***** Provided information

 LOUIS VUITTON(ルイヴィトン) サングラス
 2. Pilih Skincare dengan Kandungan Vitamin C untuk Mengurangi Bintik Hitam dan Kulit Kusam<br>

**********
***** Provided information

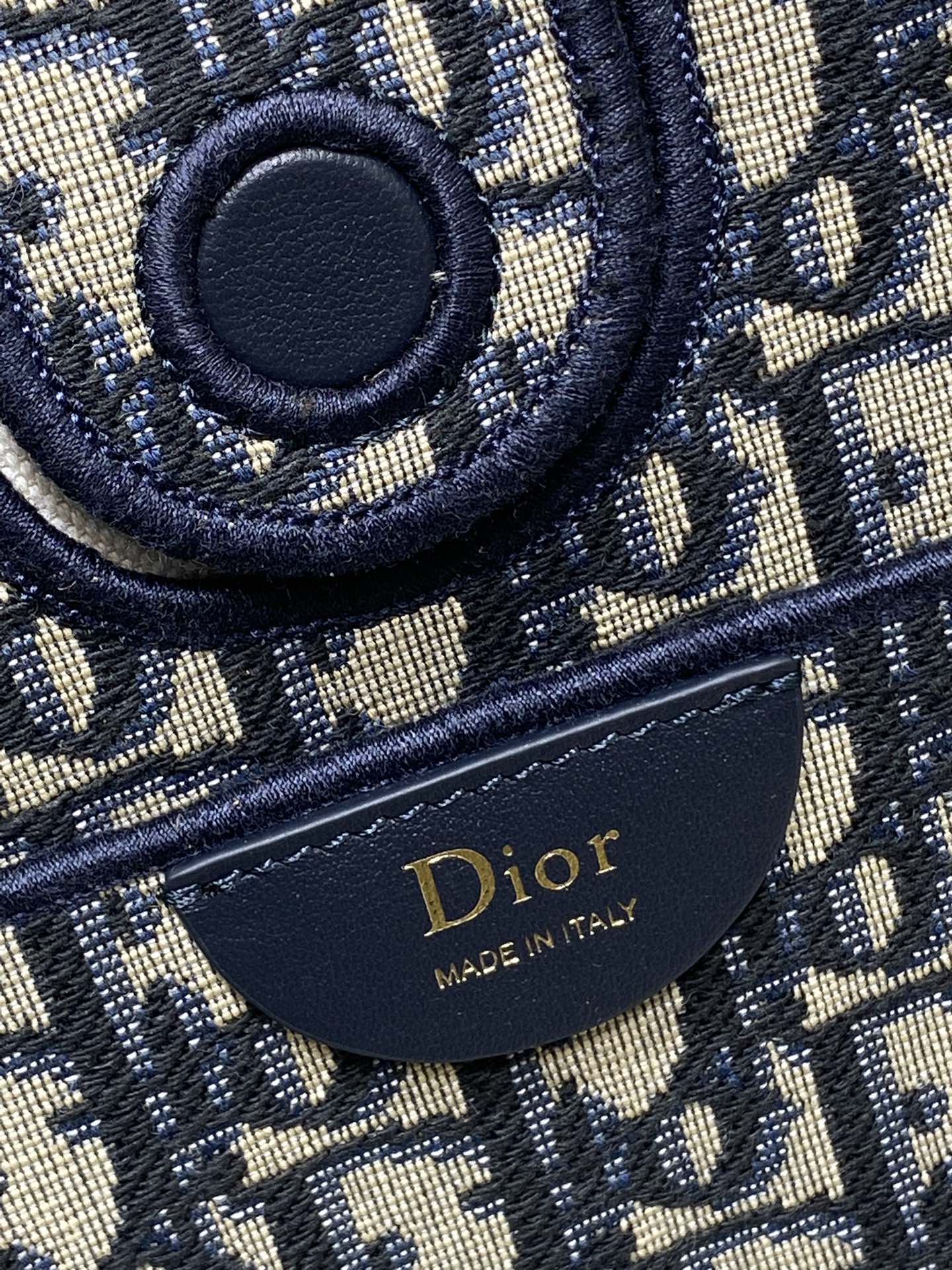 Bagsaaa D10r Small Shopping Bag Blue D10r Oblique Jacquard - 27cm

**********
***** Provided information

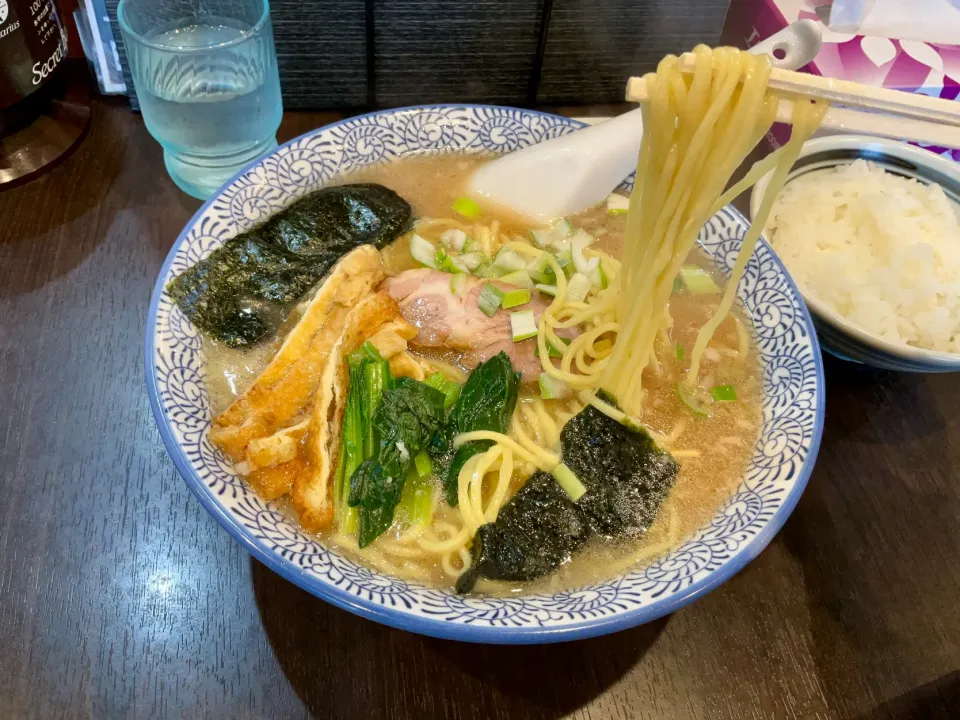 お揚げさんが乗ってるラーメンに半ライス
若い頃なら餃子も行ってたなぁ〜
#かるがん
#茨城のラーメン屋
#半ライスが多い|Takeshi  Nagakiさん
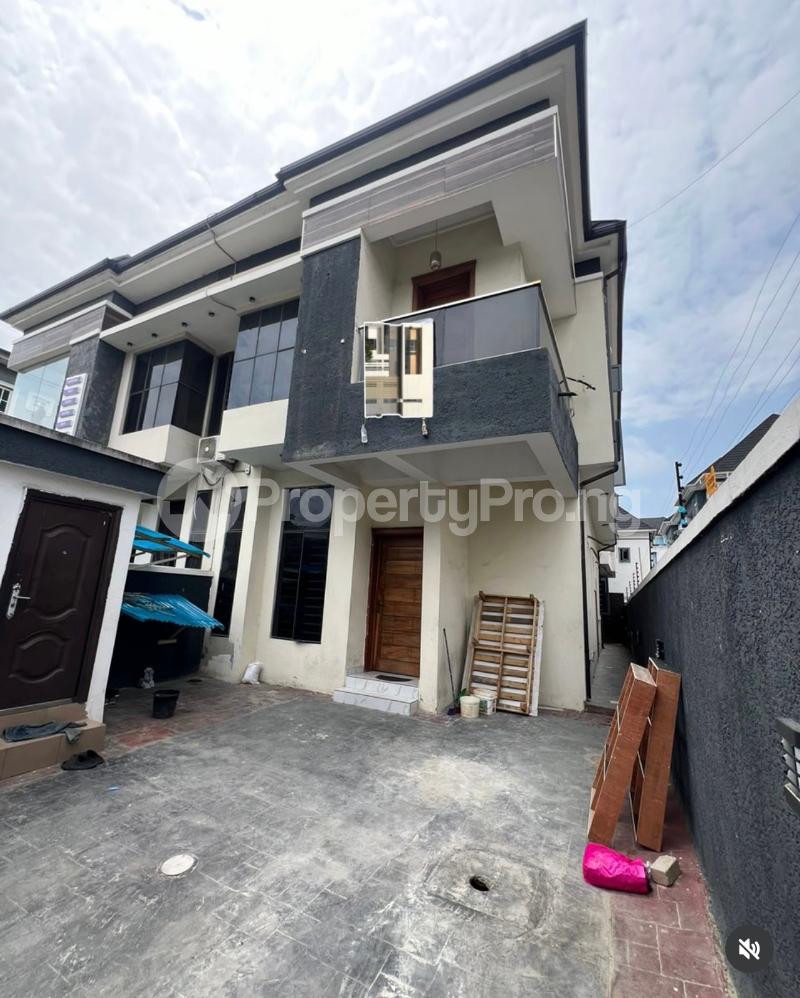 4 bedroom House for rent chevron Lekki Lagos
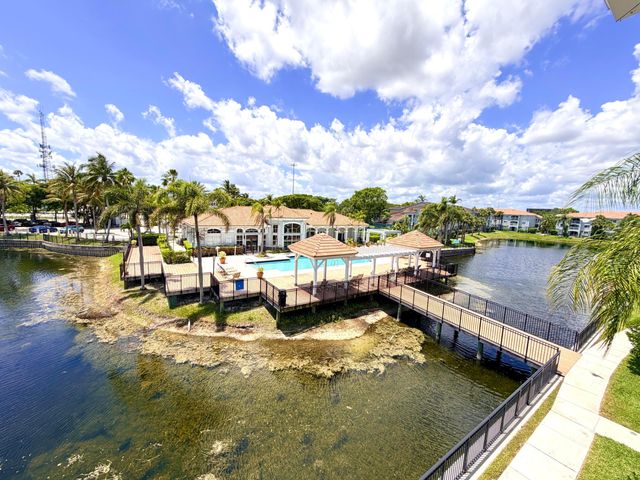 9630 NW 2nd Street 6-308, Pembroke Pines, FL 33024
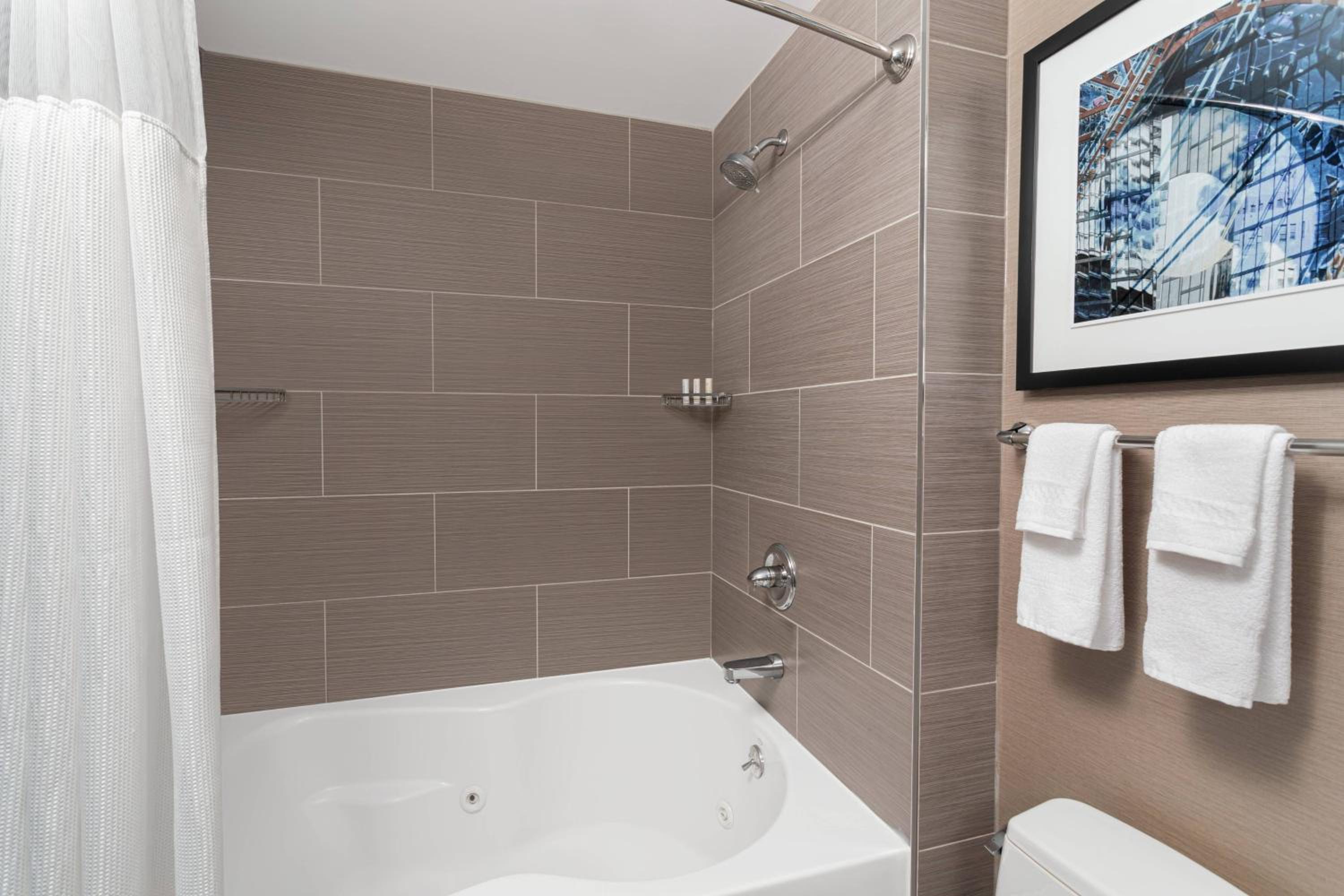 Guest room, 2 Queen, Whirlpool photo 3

**********

Your objective => Reproduce exactly the stretch of the material above that starts at the line with "LOUIS VUITTON(ルイヴィトン) サングラス" and ends at the line with "2. Pilih Skincare", both included, and nothing else.

Response to this task =>
 LOUIS VUITTON(ルイヴィトン) サングラス
 2. Pilih Skincare dengan Kandungan Vitamin C untuk Mengurangi Bintik Hitam dan Kulit Kusam<br>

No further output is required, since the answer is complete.